How people rationalize bad choices
March 1, 2019, Insurance Journal
When a reward is tempting enough, people will break their own moral codes to gain the desired prize. Afterward, they’ll tell you exactly how they were justified: “It wasn’t as if anyone was harmed,” “I was only borrowing …,” “My boss told me to” or “It’s our customers’ responsibility to read the fine print.” It’s a rationalizing process called “moral disengagement” that Darden Professors Sean Martin and Jim Detert have studied. People are self-interested, but we don’t like to face that about ourselves because we also have a strong need to see ourselves as good people, they argue, so we unintentionally, and quite effortlessly, use a series of cognitive maneuvers to justify self-interested choices that don’t align with who we say we want to be or what we want others to think about us.

Brexit—Where do we stand at end of February, 2019
March 1, 2019, National Law Review (Squire Patton Boggs)
The UK’s progress towards leaving the European Union has been a tortuous and turbulent affair. It has been marked by Prime Minister Theresa May’s Government suffering repeated heavy defeats in Parliament, which would normally have led to a change of policy if not of Government, but carrying on with its Brexit stance unchanged. So you could be forgiven for assuming that a series of votes initiated by backbenchers at the end of February in which the Government suffered no defeats would also signal no change. Not so.

Exclusive: UK chemicals industry says Brexit could cost sector £500 million
February 28, 2019, EuroNews
UK chemicals companies face being shut out of a common EU products registry after Brexit and would need to pay around half a billion pounds to set up a British counterpart, the head of the Chemicals Industry Association told Reuters. The sector – which includes companies such as Ineos, Johnson Matthey, Croda and Synthomer – is bound to the European Union by an especially dense web of laws and safety standards as well as supply chains which loop back and forth repeatedly across the English channel. If the UK crashes out of the EU without a deal, it will immediately be excluded from a strict set of EU laws on safety and production of chemicals called REACH and locked out of a Helsinki-based data registry underpinning trade called ECHA.

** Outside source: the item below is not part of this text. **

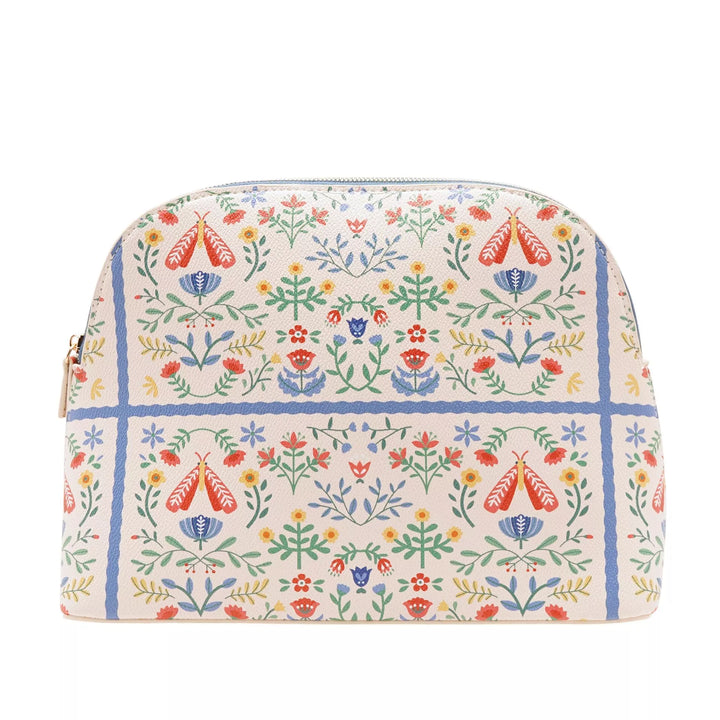 Large Make Up Bag - Cream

Upcycling plastic bags into battery parts – ACS Headline Science (video)
January 23, 2019, You Tube
Researchers reporting in ACS Omega have developed a new approach to upcycle plastic bags into battery parts. ACS Headline Science shows how the inexpensive new method could help convert plastic waste into useful carbon-containing materials. “Amorphous Carbon Chips Li-Ion Battery Anodes Produced through Polyethylene Waste Upcycling” – Vilas Pol, Ph.D. (corresponding author)

Canada gets closer to right-to-repair law
March 1, 2019, CBC
When Michael Coteau’s daughter dropped his Samsung Galaxy S8 this past fall, cracking it all over, the Ontario Liberal MPP kept using it for a while. “But then it started irritating my ear, because the glass was kind of breaking apart,” he said. It’s greener to repair such a device than recycle it and buy a new one — Nicole Mortillaro has pointed out how environmentally damaging it is to manufacture mobile devices. Recycling and disposal is also energy intensive, and many parts end up in the landfill. But manufacturers often make it expensive and difficult to get devices repaired.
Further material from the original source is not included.